In a recent thread on Twitter, popular cryptocurrency trader, Scott Melker, posted his findings on analyzing candle wicks on the monthly Bitcoin charts.
Wicks usually show the extent to which an asset’s price fluctuated between the open and close of the candle’s time frame. Long upper wicks near a peak indicate market participants are trying to sell as high as possible, increasing selling pressure and driving the price down. Long lower wicks near a valley, however, show traders are looking to buy at the lowest price possible, increasing buying pressure and driving the price up.

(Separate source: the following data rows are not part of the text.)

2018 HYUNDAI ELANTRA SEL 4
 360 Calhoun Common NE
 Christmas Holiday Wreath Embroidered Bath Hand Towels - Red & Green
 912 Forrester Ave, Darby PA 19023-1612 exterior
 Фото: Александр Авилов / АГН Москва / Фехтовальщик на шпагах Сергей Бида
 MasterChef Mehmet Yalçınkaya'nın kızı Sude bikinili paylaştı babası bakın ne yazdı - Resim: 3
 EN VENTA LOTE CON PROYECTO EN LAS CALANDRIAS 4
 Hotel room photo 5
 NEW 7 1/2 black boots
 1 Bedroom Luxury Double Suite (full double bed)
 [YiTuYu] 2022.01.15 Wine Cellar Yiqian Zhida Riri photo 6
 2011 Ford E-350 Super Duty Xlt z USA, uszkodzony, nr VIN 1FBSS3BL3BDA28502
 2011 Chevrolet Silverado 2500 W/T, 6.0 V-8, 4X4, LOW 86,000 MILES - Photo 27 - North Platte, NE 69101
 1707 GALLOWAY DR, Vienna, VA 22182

Melker, who goes by ‘The Wolf of All Streets’ on Twitter, noted that since May, when BTC nearly touched $14,000, the successive monthly candles’ upper wicks have been receding in length, becoming shorter and shorter toward October.
In a similar fashion, he pointed out how the monthly candles after October showed increasing lengths in their lower wicks, with the month of October itself showing a balance in length between upper and lower candle wicks. According to Melker, this indicated strong BTC selling pressure during the rally earlier this year, as well as stronger buying on dips.
Additionally, Melker affirmed his hypothesis that demand is strong by drawing attention to the previous week’s swing failure pattern. Further, he claimed that BTC‘s last weekly candle’s wick crossing under the last swing’s low indicated the “price was pushed down to fit orders — engineered liquidity.”
While not a flawless basis on which to expect a bull market, a look at the historical data for Bitcoin‘s weekly price shows candles with long wicks have tended to precede considerable movement in BTC value. As the market looks to buy at lower and lower levels, it seems likely that sellers will continue to prop the price up higher and higher, possibly leading to a gradual rise in Bitcoin value over the coming weeks and months.